» What is being asked
Retype exactly what appears below from the line containing "Pink Floyd Dark" down to the line containing "Residence floor plan.", keeping both end lines. Do not include pictures.

» Data section
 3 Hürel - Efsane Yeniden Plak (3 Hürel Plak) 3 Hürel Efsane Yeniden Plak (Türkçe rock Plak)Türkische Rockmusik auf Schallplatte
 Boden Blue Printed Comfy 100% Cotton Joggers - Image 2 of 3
--
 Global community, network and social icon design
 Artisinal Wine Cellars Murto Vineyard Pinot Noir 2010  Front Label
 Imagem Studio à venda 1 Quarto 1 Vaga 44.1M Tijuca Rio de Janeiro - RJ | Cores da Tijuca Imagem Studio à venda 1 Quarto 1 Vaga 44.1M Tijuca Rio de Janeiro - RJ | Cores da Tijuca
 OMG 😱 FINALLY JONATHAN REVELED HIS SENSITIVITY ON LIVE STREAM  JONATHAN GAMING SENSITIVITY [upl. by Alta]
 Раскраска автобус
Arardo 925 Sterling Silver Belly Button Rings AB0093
* * *
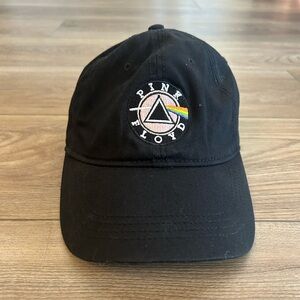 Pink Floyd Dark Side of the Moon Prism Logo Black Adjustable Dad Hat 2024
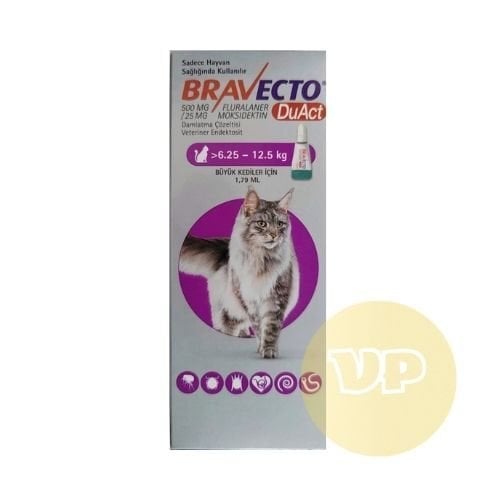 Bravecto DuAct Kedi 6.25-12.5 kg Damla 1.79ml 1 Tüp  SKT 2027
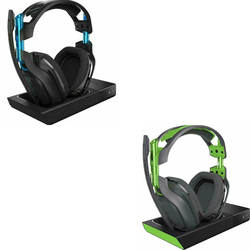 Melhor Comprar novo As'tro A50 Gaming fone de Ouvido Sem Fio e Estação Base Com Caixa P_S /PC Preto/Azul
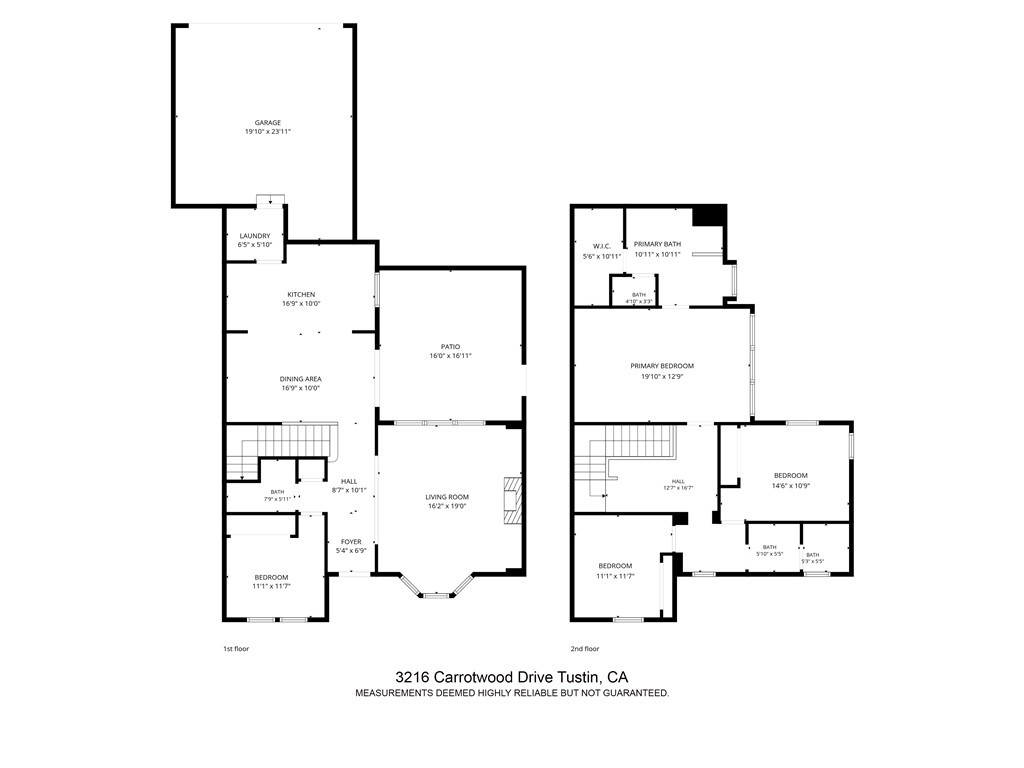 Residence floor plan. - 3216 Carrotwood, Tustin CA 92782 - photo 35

» Your response
 Pink Floyd Dark Side of the Moon Prism Logo Black Adjustable Dad Hat 2024
 Bravecto DuAct Kedi 6.25-12.5 kg Damla 1.79ml 1 Tüp  SKT 2027
 Melhor Comprar novo As'tro A50 Gaming fone de Ouvido Sem Fio e Estação Base Com Caixa P_S /PC Preto/Azul
 Residence floor plan. - 3216 Carrotwood, Tustin CA 92782 - photo 35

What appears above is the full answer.